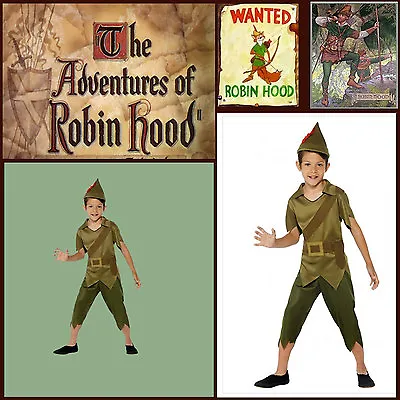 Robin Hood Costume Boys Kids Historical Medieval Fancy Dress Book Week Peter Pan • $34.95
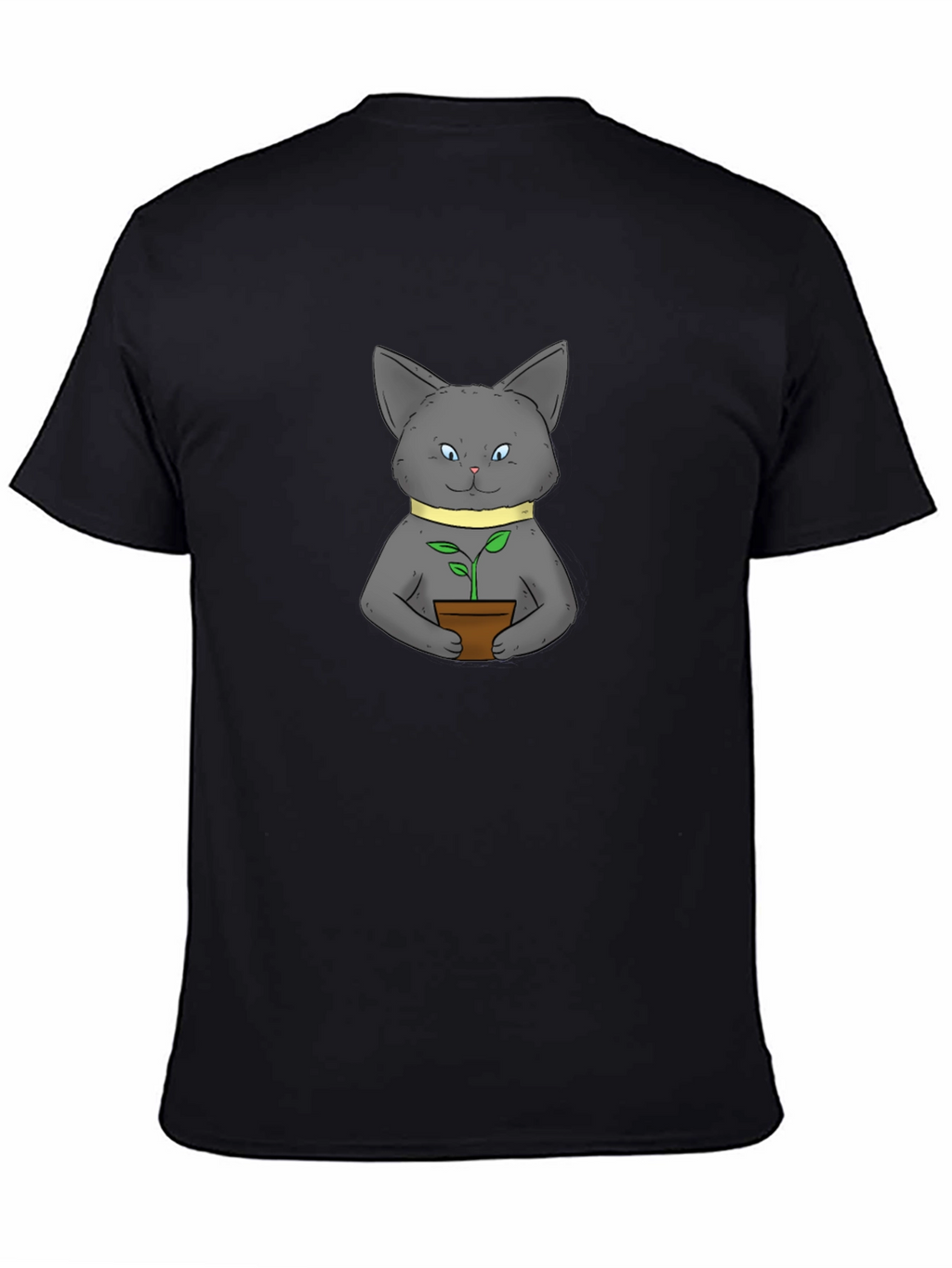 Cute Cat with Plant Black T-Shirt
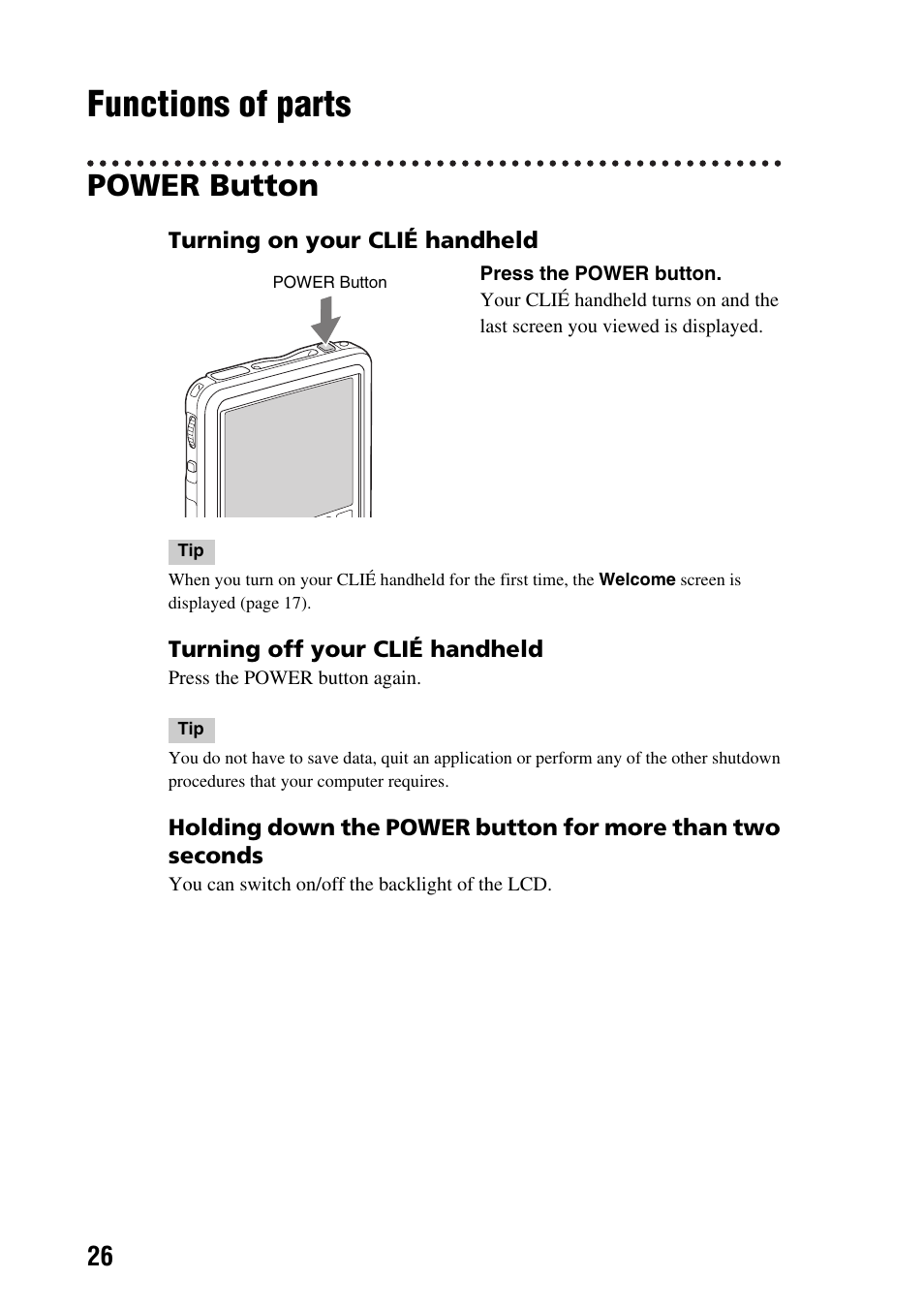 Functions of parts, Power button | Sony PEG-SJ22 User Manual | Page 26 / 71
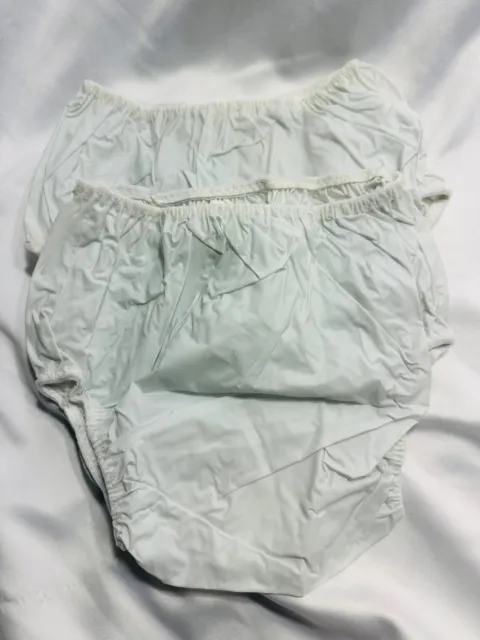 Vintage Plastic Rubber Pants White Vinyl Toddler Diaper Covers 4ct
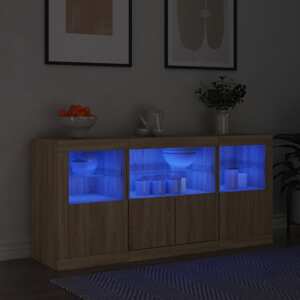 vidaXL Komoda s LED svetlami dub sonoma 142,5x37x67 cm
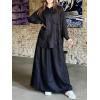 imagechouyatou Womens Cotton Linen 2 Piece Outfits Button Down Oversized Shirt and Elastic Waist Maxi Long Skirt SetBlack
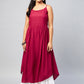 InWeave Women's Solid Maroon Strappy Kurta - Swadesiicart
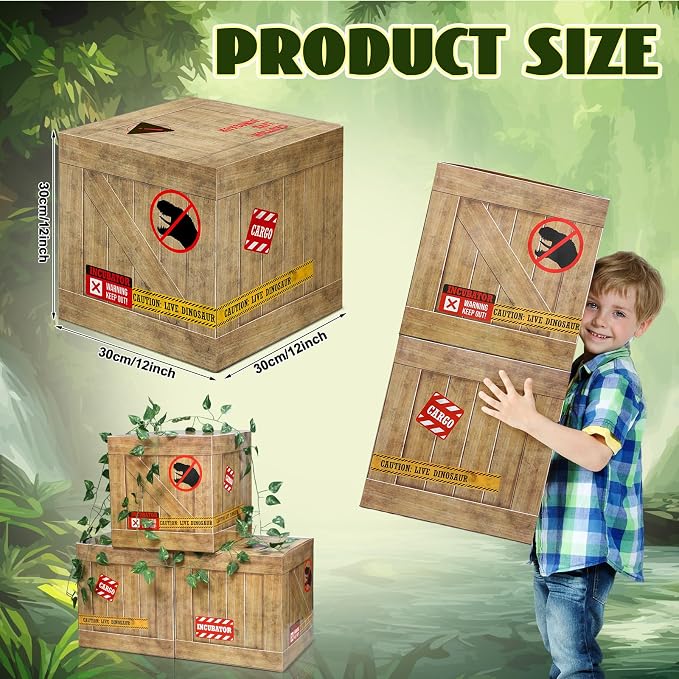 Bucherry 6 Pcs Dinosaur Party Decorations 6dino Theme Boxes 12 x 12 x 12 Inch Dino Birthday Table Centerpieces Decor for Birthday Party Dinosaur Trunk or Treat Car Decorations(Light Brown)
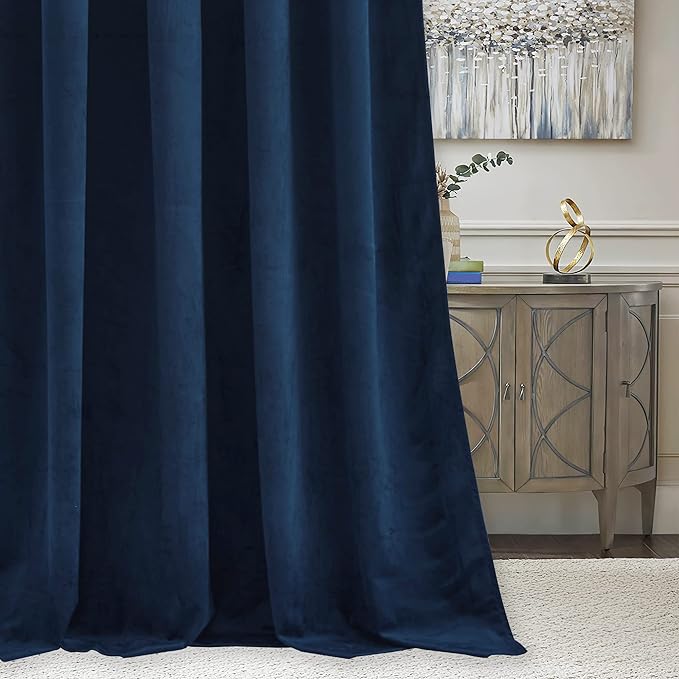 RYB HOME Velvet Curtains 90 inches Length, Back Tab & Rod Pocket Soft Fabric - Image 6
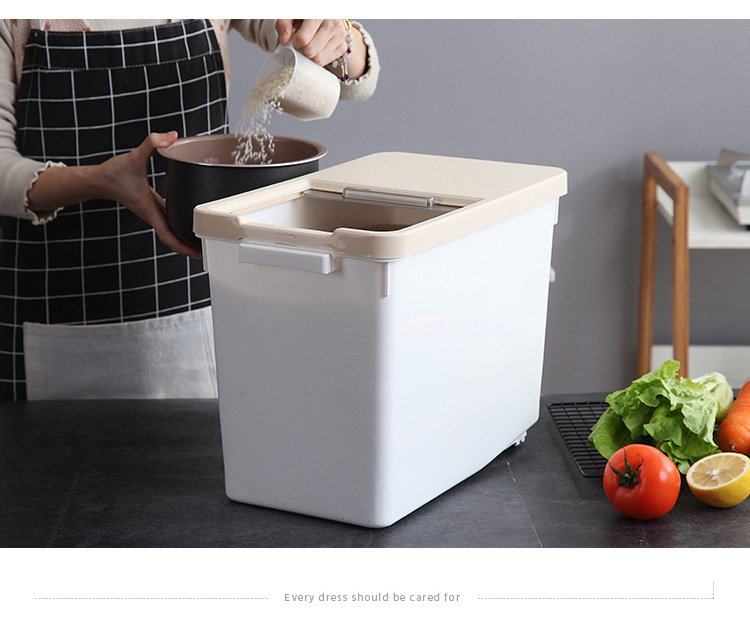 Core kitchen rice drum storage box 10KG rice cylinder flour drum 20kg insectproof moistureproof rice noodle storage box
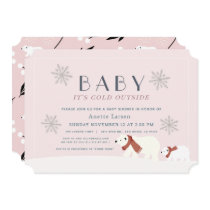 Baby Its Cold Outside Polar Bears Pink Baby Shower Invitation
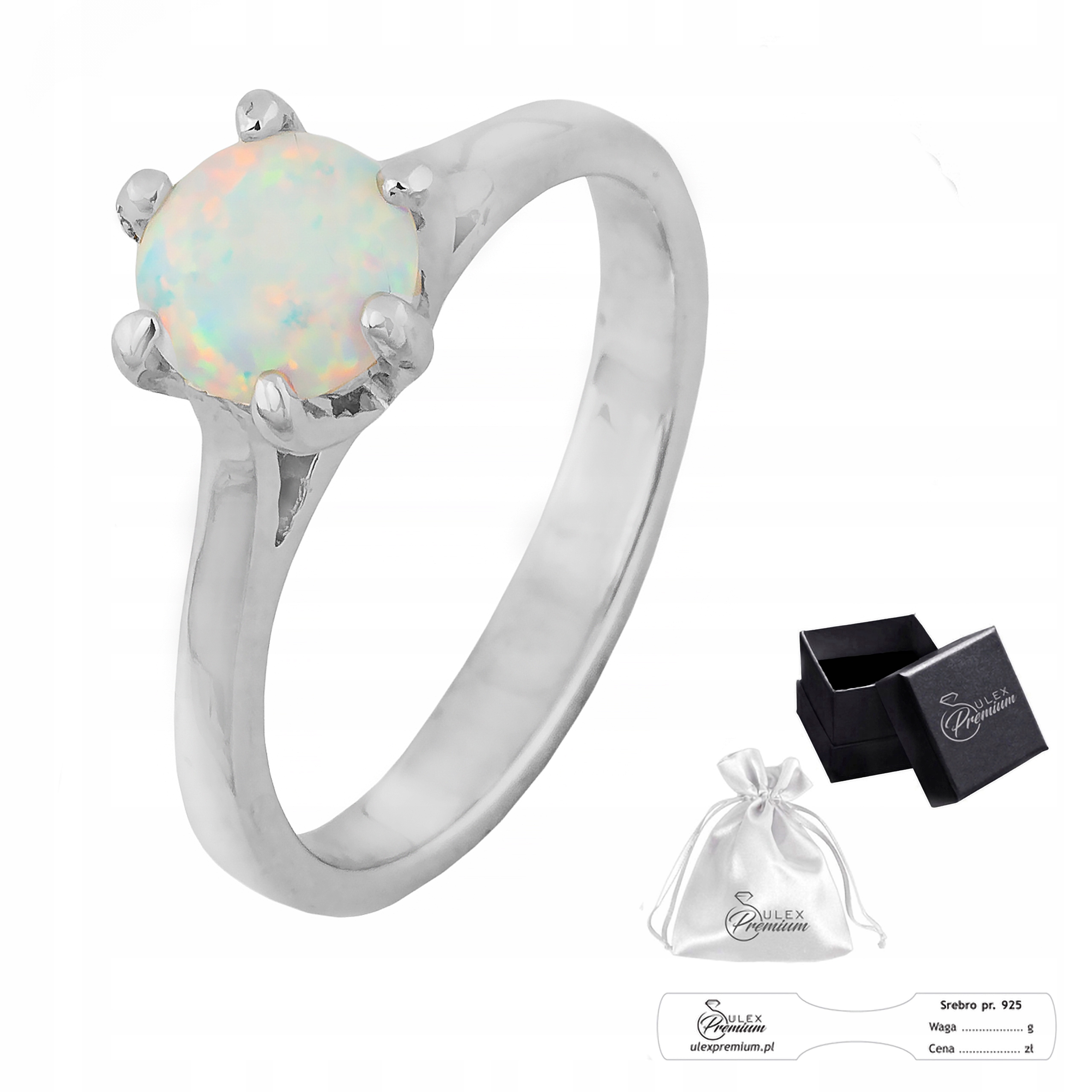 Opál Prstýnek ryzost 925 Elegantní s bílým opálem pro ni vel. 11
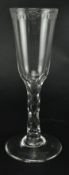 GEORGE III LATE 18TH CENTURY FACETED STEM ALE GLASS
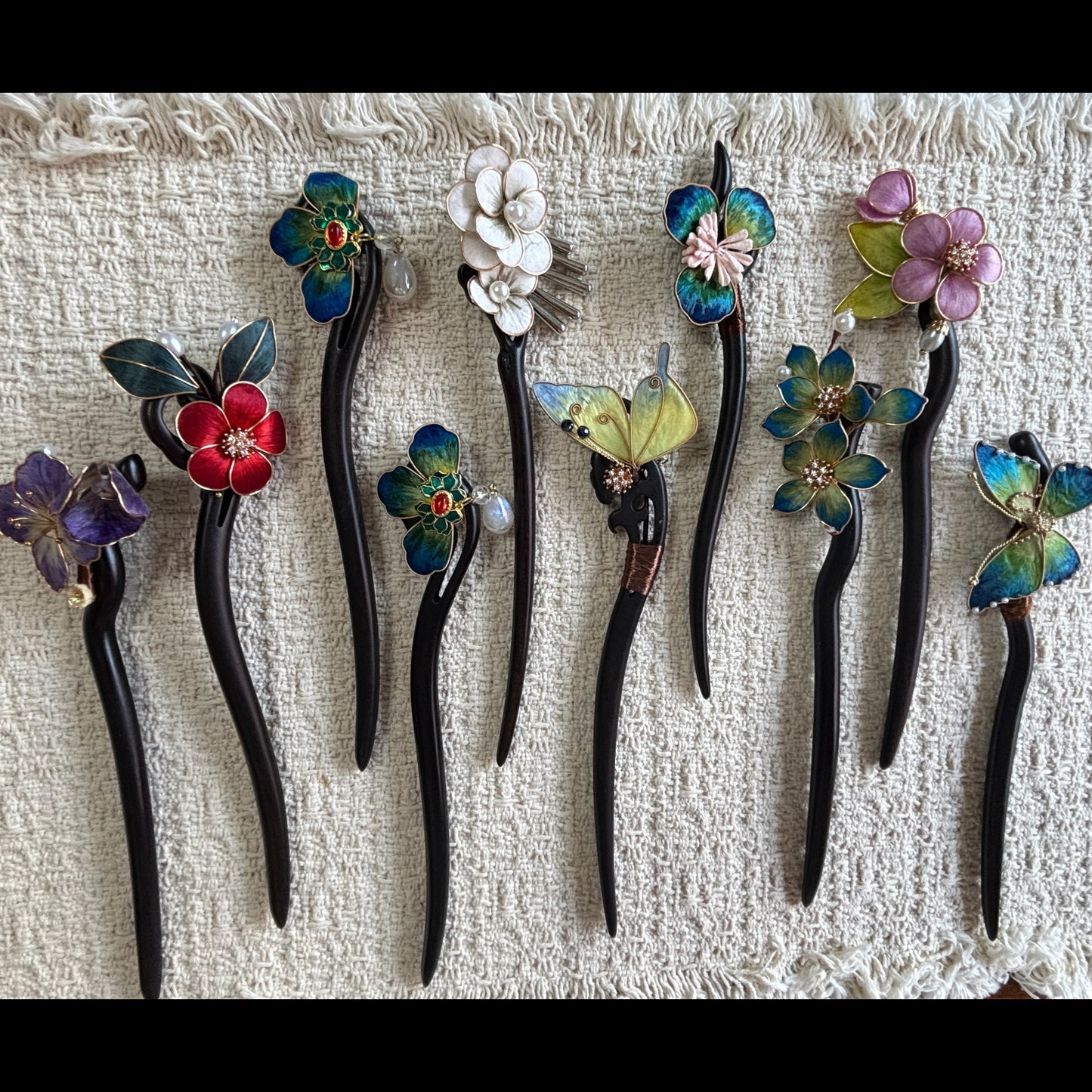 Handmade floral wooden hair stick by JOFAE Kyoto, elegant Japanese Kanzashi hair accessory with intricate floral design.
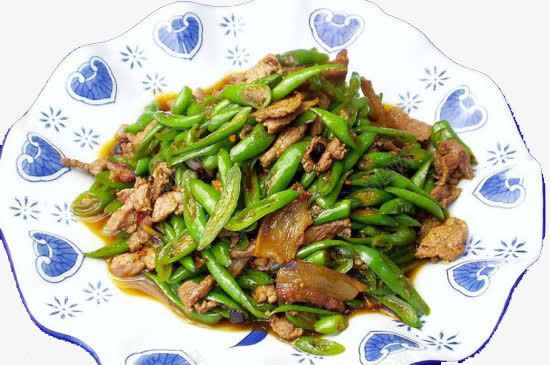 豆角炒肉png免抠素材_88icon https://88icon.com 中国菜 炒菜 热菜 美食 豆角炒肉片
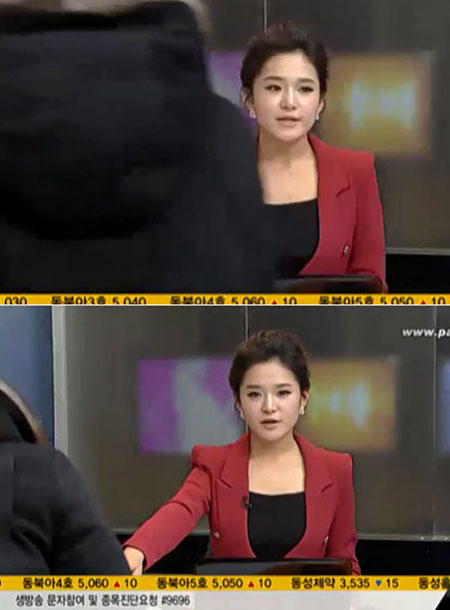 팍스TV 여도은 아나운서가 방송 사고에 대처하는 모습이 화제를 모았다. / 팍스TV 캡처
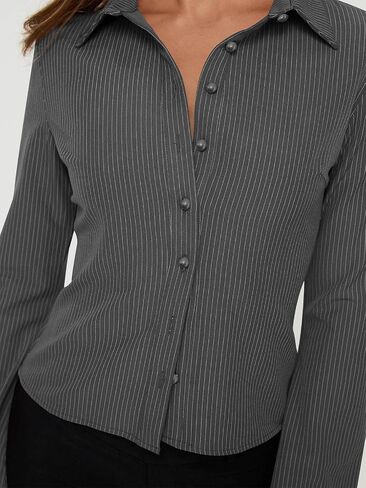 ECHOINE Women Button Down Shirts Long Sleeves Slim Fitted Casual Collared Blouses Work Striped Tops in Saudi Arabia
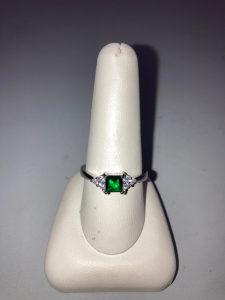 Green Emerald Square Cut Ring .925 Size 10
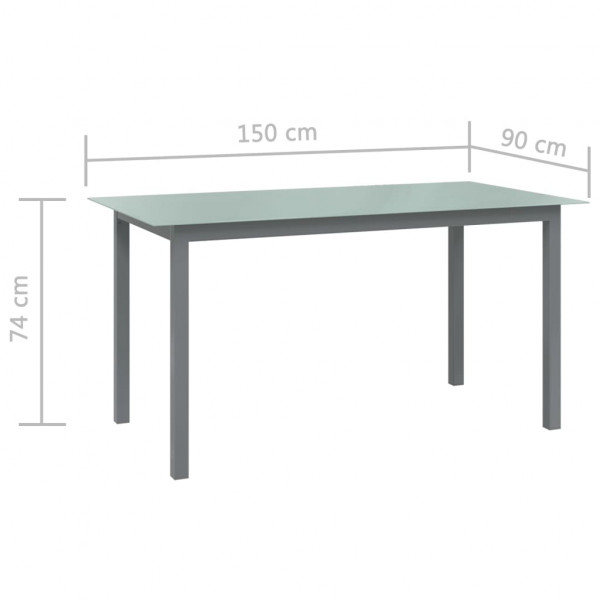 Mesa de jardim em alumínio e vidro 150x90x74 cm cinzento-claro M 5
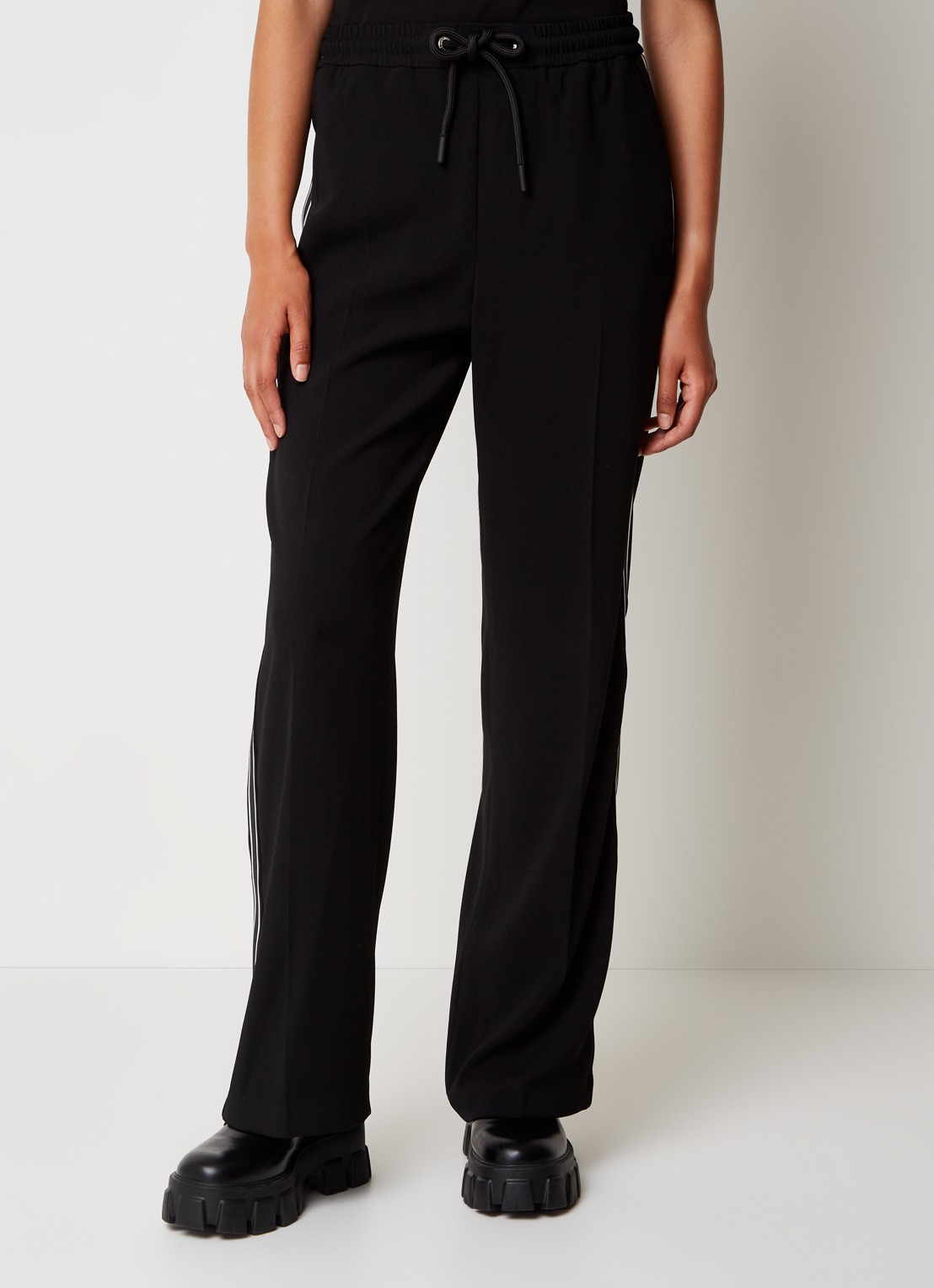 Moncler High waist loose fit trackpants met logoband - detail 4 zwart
####################
_PROBLEM TO SOLVE_:
Each line above should be returned exactly as it stands, minus any pictures.

_EXERCISE SOLUTION_:
 Robin Hood Costume Boys Kids Historical Medieval Fancy Dress Book Week Peter Pan • $34.95
 Cute Cat with Plant Black T-Shirt
 Functions of parts, Power button | Sony PEG-SJ22 User Manual | Page 26 / 71
 Vintage Plastic Rubber Pants White Vinyl Toddler Diaper Covers 4ct
 vidaXL Komoda s LED svetlami dub sonoma 142,5x37x67 cm
 imagechouyatou Womens Cotton Linen 2 Piece Outfits Button Down Oversized Shirt and Elastic Waist Maxi Long Skirt SetBlack
 InWeave Women's Solid Maroon Strappy Kurta - Swadesiicart
 Bucherry 6 Pcs Dinosaur Party Decorations 6dino Theme Boxes 12 x 12 x 12 Inch Dino Birthday Table Centerpieces Decor for Birthday Party Dinosaur Trunk or Treat Car Decorations(Light Brown)
 RYB HOME Velvet Curtains 90 inches Length, Back Tab & Rod Pocket Soft Fabric - Image 6
 Core kitchen rice drum storage box 10KG rice cylinder flour drum 20kg insectproof moistureproof rice noodle storage box
 Baby Its Cold Outside Polar Bears Pink Baby Shower Invitation
 Opál Prstýnek ryzost 925 Elegantní s bílým opálem pro ni vel. 11
 GEORGE III LATE 18TH CENTURY FACETED STEM ALE GLASS
 Handmade floral wooden hair stick by JOFAE Kyoto, elegant Japanese Kanzashi hair accessory with intricate floral design.
 豆角炒肉png免抠素材_88icon https://88icon.com 中国菜 炒菜 热菜 美食 豆角炒肉片
 팍스TV 여도은 아나운서가 방송 사고에 대처하는 모습이 화제를 모았다. / 팍스TV 캡처
 ECHOINE Women Button Down Shirts Long Sleeves Slim Fitted Casual Collared Blouses Work Striped Tops in Saudi Arabia
 Green Emerald Square Cut Ring .925 Size 10
 Mesa de jardim em alumínio e vidro 150x90x74 cm cinzento-claro M 5
 Moncler High waist loose fit trackpants met logoband - detail 4 zwart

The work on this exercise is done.